When the desired length of web has been wound on the core, as determined by the position of the appropriate cam roller 59, this cam roller will operate the pivot control arm 61 by engaging the roller 60 as a result of the predetermined number of revolutions of the core co-operating and metering roll 46.
During the movement of the motor bracket 63 away from the core co-operating roll 46, as a result of web build up on the core, the motor bracket will be moved sufficiently to release a control valve 104 to interrupt air jet flow, but not sufficiently to open limit valve LV-2. It will be understood that there is sufficient clearance between the mandril and film guide to accommodate the web built up without interference from the film guide.
It will be understood that upon actuation of the control arm 61 the motor 64 will be de-energized and the brakes will be applied. In the application of the brakes, air cylinder 41 will be energized to apply the brake 13 immediately to the parent roll brake drum 11 as will the air cylinder 52 to apply the brake 49 to the metering roll shaft brake drum 48 and the air cylinder 85 will be actuated to move the brake 81 towards a braking position for braking rotation of the mandril. At the same time the motor bracket air cylinder 72 will be operated to swing the motor bracket 63 from the winding position to the loading and unloading station. In this connection it will be seen from FIG. 3 that the extension of the motor bracket operating air cylinder piston 74 will swing the motor bracket clockwise to the loading and unloading station as viewed from the position of FIG. 3 while extension of the piston 84 of the air cylinder 85 will swing the brake 81 counter-clockwise towards the braking position causing the brake 81 to meet the brake drum 69 connected to the mandril at a point intermediate between the motor bracket winding and loading and unloading positions, after which braking will commence and progressively increase until the motor bracket reaches the loading and unloading position, at which point the mandril will have been braked to a stop. As the motor bracket air cylinder 72 is operated to retract the motor bracket 63 so too is the film guide actuating air cylinder 98 to retract the film guide to the position of FIG. 8. Also as the piston 74 of the motor bracket controlling air cylinder 72 is extended to swing the motor bracket to the loading and unloading position, the arm 75 associated with air cylinder 72, which previously upon swinging the motor bracket 63 to the winding position had lifted the backlash rollers 80 off the web W led over top of the roll 46, moves out of contact with the adjusting screw 76 to allow the backlash rollers to come down and ride on the web W.
It will be seen particularly from FIG. 8 that as the mandril is translated from the winding position to the loading and unloading station, a further length of web material designated Wl is drawn off the parent roll to extend beyond the core co-operating and metering roll 46 to the wound core which is now located at the loading and unloading station.
it will be understood that the braking arrangement is such that all web feed will have come to a halt as will have rotation of the mandril when same reaches the loading and unloading station.
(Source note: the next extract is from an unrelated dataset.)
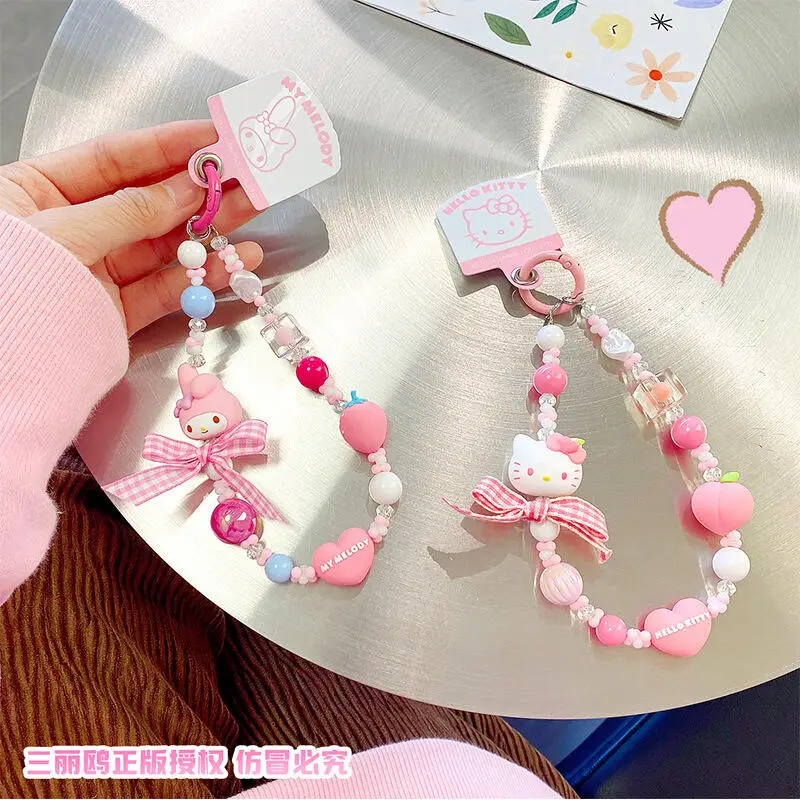 Kawaii Hellokitty Cute Cartoon Phone Charm Strap Keychain Bag Pendant Anti-Lost Wrist Strap Design Lovely Ornament for Girls
Kawaii Hellokitty Cute Cartoon Phone Charm Strap Keychain Bag Pendant Anti-Lost Wrist Strap Design Lovely Ornament for Girls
Also, by this time, cam 59 will have cleared roller 60 of control arm 61. In connection with the parent roll braking, the lower end of the lever arm 22, (FIG. 4) which carries the core sensing and following roller 24 is provided with a cam surface 105 which is arranged to control a pressure regulating valve designated at 106 to control air pressure to the parent roll braking cylinder 41 corresponding to roll diameter which provides a measure of the parent roll inertia that must be overcome in the braking of the parent roll to a stop coincidentally with the stoppage of web feed following winding of the core and translation of the core from the winding position to the loading and unloading station so that the tension on the web on braking does not exceed the elastic limit of the web material.
Upon return of the motor bracket 63 to the loading and unloading station following winding of the core, as mentioned the motor bracket actuates limit valve LV-4 and this limit valve is arranged to effect the actuation of an air cylinder 107 having a piston 108 carrying a knife 109 heated by an electric heater 109a which is advanced upwardly from the retracted position illustrated in FIG. 7 to the extended position illustrated in FIG. 8 wherein it severs the web W1 immediately adjacent to the wound core with the core at the loading and unloading station. The movement of the piston 108 carries a limit valve LV-5 connected thereto by an arm 111 and the roller 112 carried by the valve LV-5 is arranged to contact an abutment 113 when the heated knife 109 contacts and severs the web W1. The contact between the limit valve LV-5 and the abutment is arranged to effect immediate retraction of the piston 108 and at the same time applies a signal to a wound core ejector device generally designated at 114 to operate same to eject the wound core following knife retraction.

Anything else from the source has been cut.